"""
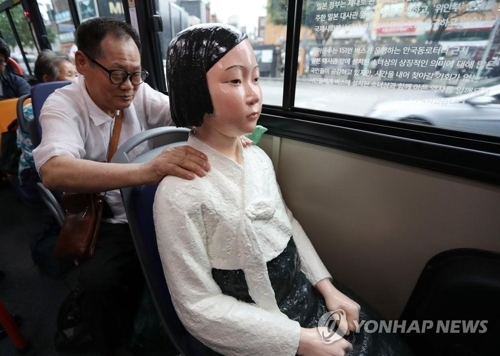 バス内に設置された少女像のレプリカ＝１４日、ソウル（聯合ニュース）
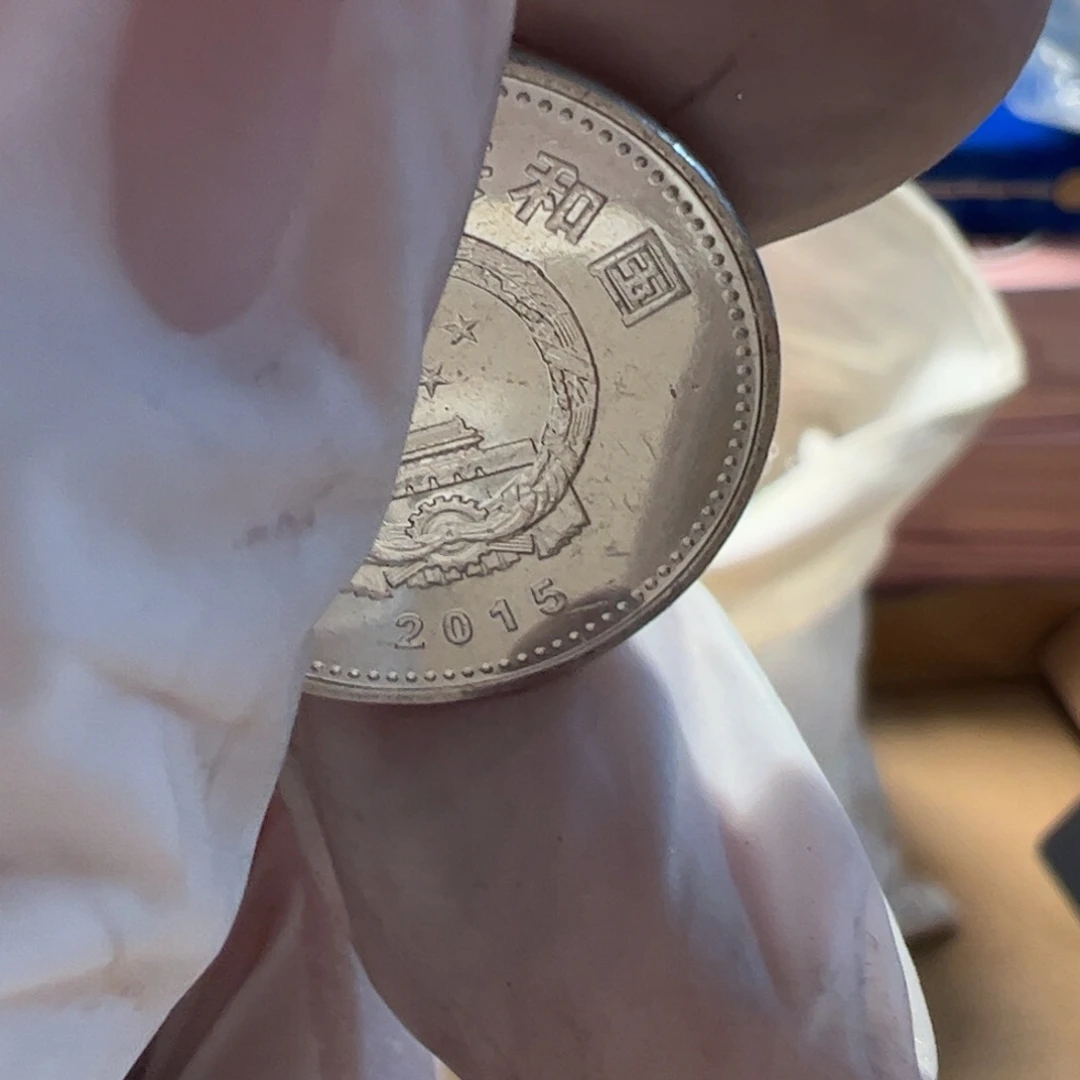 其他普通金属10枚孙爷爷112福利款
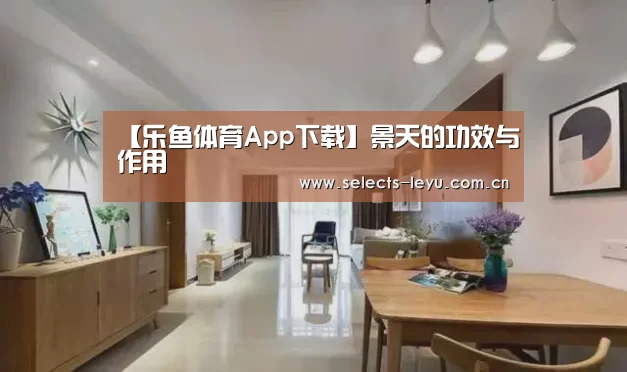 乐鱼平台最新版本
"""
Exclude the pictures and give back the rest of the data above exactly as written.

Exercise output:
 バス内に設置された少女像のレプリカ＝１４日、ソウル（聯合ニュース）
 其他普通金属10枚孙爷爷112福利款
 乐鱼平台最新版本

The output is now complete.